Wie kommst Du zu dieser Einschätzung?
Langfristig unbewohnbar ist ein Gebiet von Radius 30 km (d.h. ca 3.000km²) um den ehemaligen Reaktor (Sperrzone von Tschernobyl – Wikipedia )
Darüber hinaus sagt die Wikipedia (Nuklearkatastrophe von Tschernobyl – Wikipedia):
„Vollends für die menschliche Nutzung aufgegeben werden mussten ca. 6400 km² an landwirtschaftlicher Fläche und Waldgebieten, die nahe dem Kraftwerk liegen und dementsprechend sehr hoch belastet sind.“ und " So können aufgrund der Strahlenbelastung knapp 800.000 Hektar Land und 700.000 Hektar Wald nicht mehr wirtschaftlich genutzt werden." D.h. 8.000 bzw. 7.000 km².
Deutschland hat eine Fläche von ca 350.000 km².
Die Katastrophe war natürlich schrecklich, sie hätte - wenn sie in Bayern stattgefunden hätte, aber nicht weite teile des Bundesgebiets unbewohnbar gemacht.
Auf der einen Seite zitierst du sehr wohlwollend (Bestcase): Das letzte Kernkraftwerk in der Schweiz ging in den 80er Jahren in Betrieb. In Finnland bauen sie mindestens 2003 (Zeitpunkt der Ausschreibung) und hoffen nächstes Jahre fertig zu werden (19 Jahre).
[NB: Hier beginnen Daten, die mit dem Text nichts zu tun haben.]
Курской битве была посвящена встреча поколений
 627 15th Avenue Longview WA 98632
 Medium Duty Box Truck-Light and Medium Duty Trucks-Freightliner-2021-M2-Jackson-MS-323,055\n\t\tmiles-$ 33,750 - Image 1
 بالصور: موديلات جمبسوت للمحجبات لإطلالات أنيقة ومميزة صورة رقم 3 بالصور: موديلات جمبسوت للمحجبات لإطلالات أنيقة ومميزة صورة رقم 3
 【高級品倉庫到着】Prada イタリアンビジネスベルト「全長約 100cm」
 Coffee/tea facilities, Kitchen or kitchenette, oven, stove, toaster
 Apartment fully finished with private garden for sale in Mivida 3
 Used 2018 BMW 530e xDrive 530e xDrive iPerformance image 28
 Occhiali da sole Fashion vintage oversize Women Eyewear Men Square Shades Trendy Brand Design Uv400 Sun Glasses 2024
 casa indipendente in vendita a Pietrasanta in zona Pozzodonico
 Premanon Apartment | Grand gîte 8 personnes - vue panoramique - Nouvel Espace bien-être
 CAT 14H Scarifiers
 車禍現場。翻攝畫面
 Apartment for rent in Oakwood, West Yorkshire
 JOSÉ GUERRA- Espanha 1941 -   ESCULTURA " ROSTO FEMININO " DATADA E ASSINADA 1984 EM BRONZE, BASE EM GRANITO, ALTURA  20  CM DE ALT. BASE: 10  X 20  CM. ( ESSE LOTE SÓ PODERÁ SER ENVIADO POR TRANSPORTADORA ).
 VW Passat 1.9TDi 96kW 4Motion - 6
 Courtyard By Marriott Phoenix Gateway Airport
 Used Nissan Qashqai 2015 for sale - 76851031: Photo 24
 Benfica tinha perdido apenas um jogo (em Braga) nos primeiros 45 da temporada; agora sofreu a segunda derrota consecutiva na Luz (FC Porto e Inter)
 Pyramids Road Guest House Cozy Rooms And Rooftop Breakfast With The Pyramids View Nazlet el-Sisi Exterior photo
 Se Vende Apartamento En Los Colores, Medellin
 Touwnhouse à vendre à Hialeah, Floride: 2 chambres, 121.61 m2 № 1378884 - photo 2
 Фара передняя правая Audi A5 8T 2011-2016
Hinkley Point sollte eigentlich nicht gebaut werden, weil nicht rentabel und ging nur mit Subventionen.
Auf der anderen Seite zitierst du sehr kritisch. Nicht jedes Windkraftwerk dauert sieben Jahre. Du hättest ja auch diese Studie oder diese Quelle nehmen können. Die spricht von einer mittleren Dauer von knapp über vier Jahren.
Uns selbst wenn:
Selbst wenn wir heute anfingen drei AKW zu bauen und nur 19 Jahre wie die Finnen brauchen, das kommt trotzdem zu spät. Und da sind die Risiken, die @vieuxrenard richtigerweise erwähnt, noch nicht mit eingepreist, von Endlagerung gar nicht zu sprechen.
Die Bayern? Die Stromtrassen verhindern? Die Windräder verhindern? Die sollen jetzt aufmal für AKW in ihrem Vorgarten stimmen?